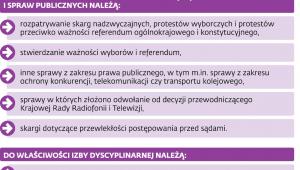 Co o kompetencjach izb Sądu Najwyższego mówi ustawa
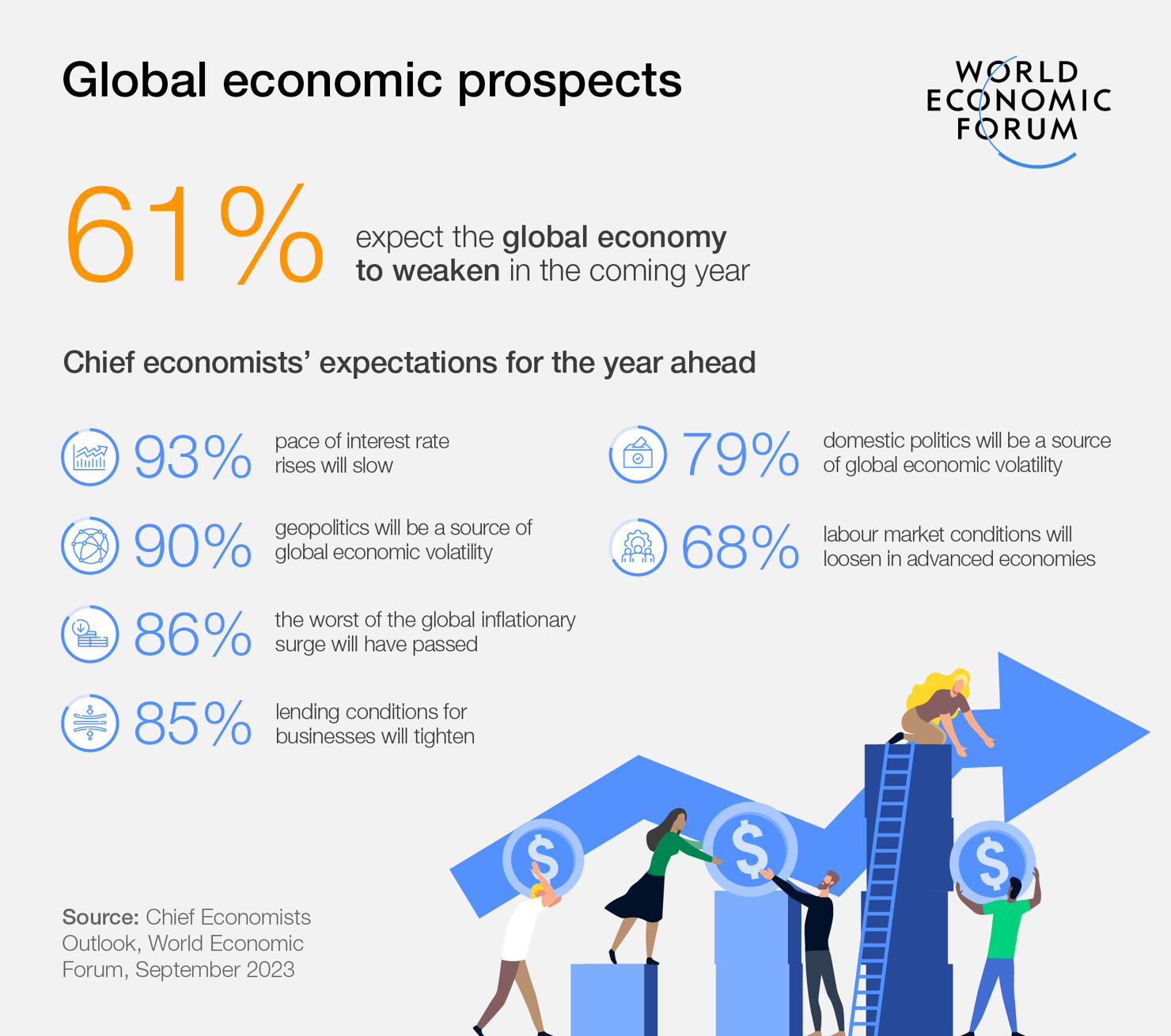 Kinh tế toàn cầu sẽ suy yếu vào năm 2024? - Ảnh 1
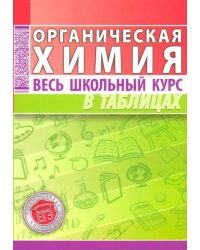 Органическая химия. Весь школьный курс в таблицах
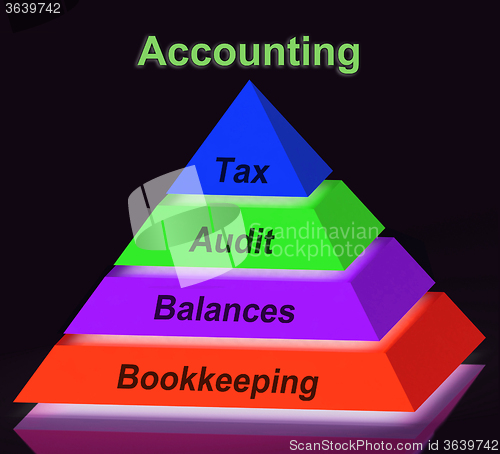 Image of Accounting Pyramid Sign Shows Bookkeeping Balances And Calculati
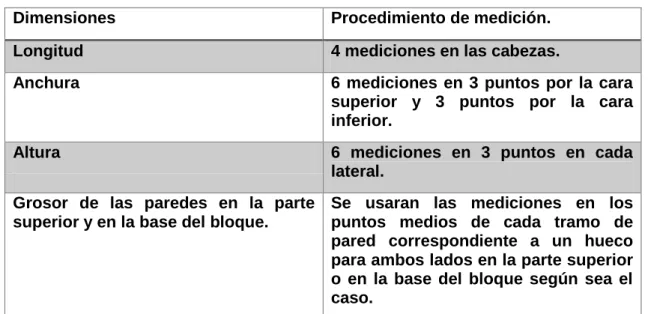 Tabla 1.6: Medios de dimensiones.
========
Try it:
Write out an exact reproduction of the lines from the line that holds "Image of Accounting" to the bottom of the listing above, both ends included. Exclude pictures.

Response to the exercise:
 Image of Accounting Pyramid Sign Shows Bookkeeping Balances And Calculati
 Tabla 1.6: Medios de dimensiones.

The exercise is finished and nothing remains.